### WHAT IS EXPECTED
The required output is an exact copy of the lines from the one containing "Steve Donovan Western Marshal #3" through the end of the entries below, with pictures removed.

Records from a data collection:
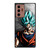 GOKU SAIYAN BLUE DRAGON BALL Samsung Galaxy Note 20 Ultra Case Cover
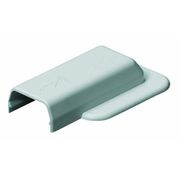 MLEW-0G10 [プラモール付属品 エンド/フランジ付 0号 グレー 10個]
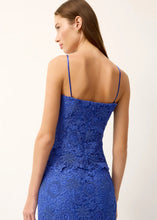 Load image into Gallery viewer, Marie Oliver Joelle Top - Cobalt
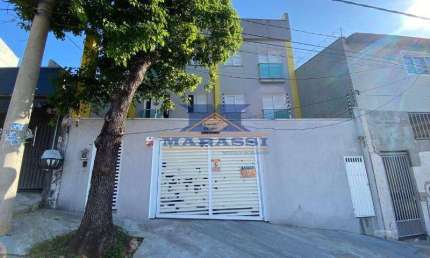Apartamento com 2 quartos à venda na Rua Tomás Antônio Gonzaga, Jardim Utinga, Santo André
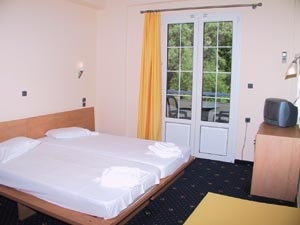 Belair Hotel Νυδρί Belair Hotel Νυδρί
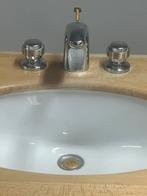 Meuble lavabo, Maison & Meubles, Moins de 100 cm, Meuble lavabo, 100 à 150 cm, Enlèvement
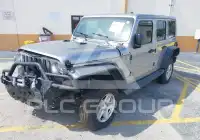 2018 Jeep WRANGLER фото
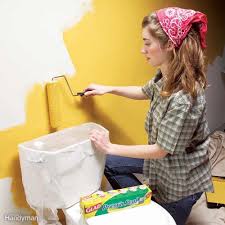 paint a room without making a mess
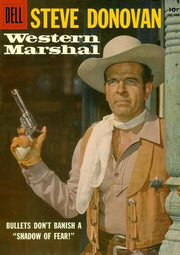 Steve Donovan Western Marshal #3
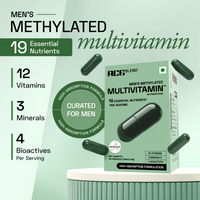 Ace Blend Men's Methylated Multivitamin
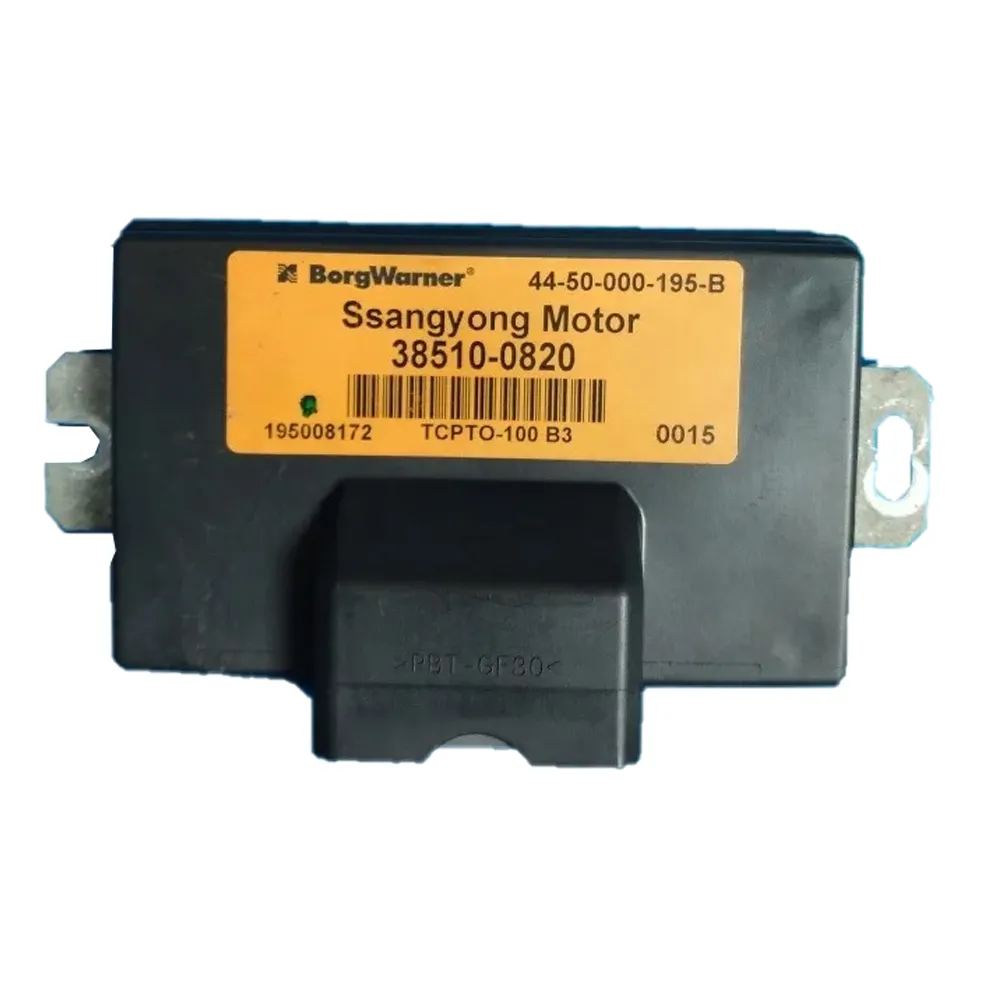 Módulo Tração Ssangyong Actyon 38510-0820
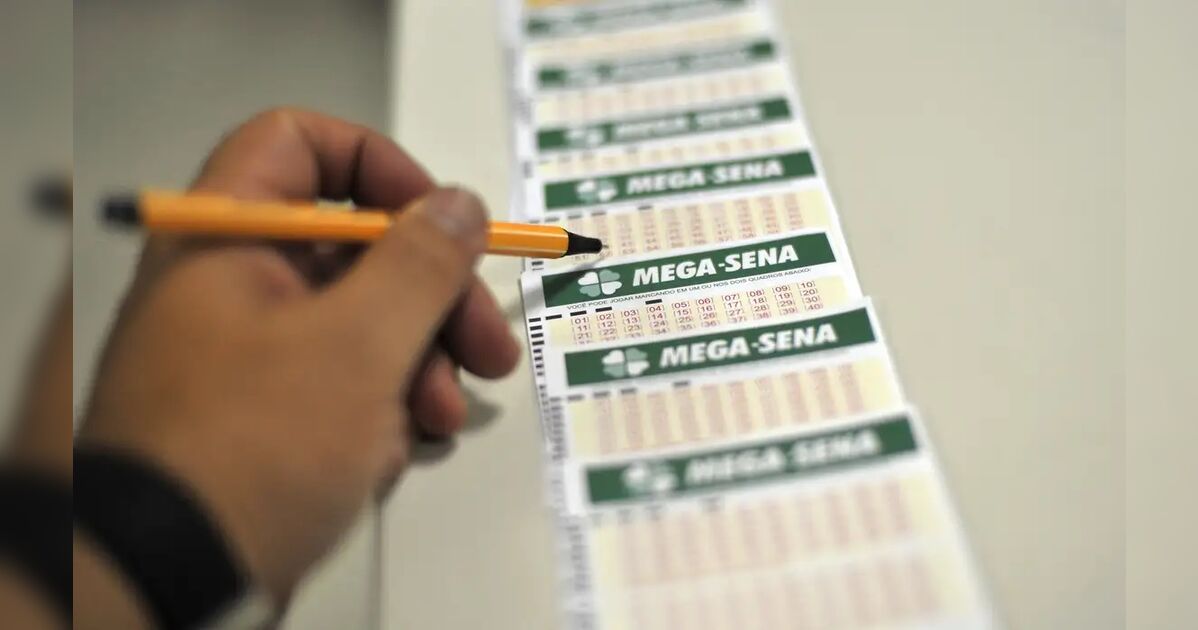 Mega-Sena acumula para R$ 52 milhões; veja os números sorteados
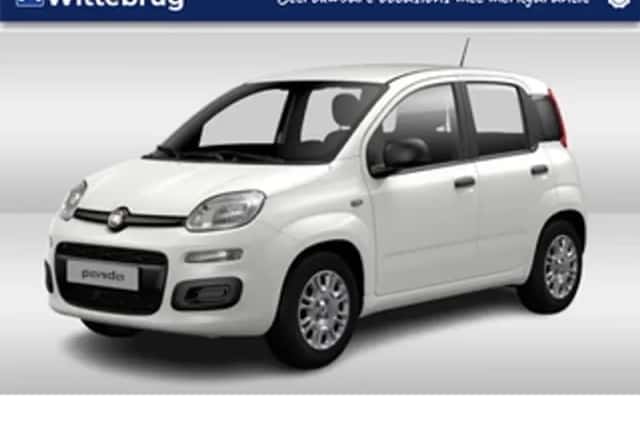 Fiat Panda (2025) thumbnail 1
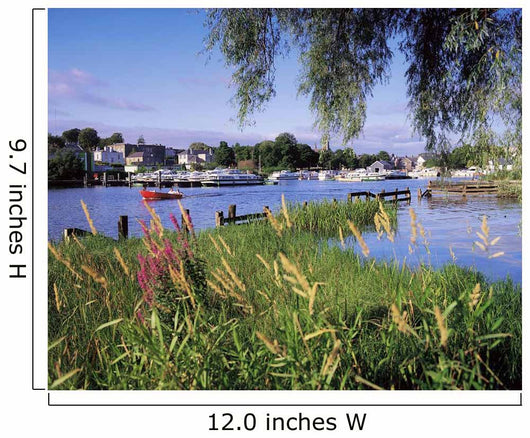 Lough Derg, Ireland Wall Mural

### WRITTEN RESPONSE
 Steve Donovan Western Marshal #3
 Ace Blend Men's Methylated Multivitamin
 Módulo Tração Ssangyong Actyon 38510-0820
 Mega-Sena acumula para R$ 52 milhões; veja os números sorteados
 Fiat Panda (2025) thumbnail 1
 Lough Derg, Ireland Wall Mural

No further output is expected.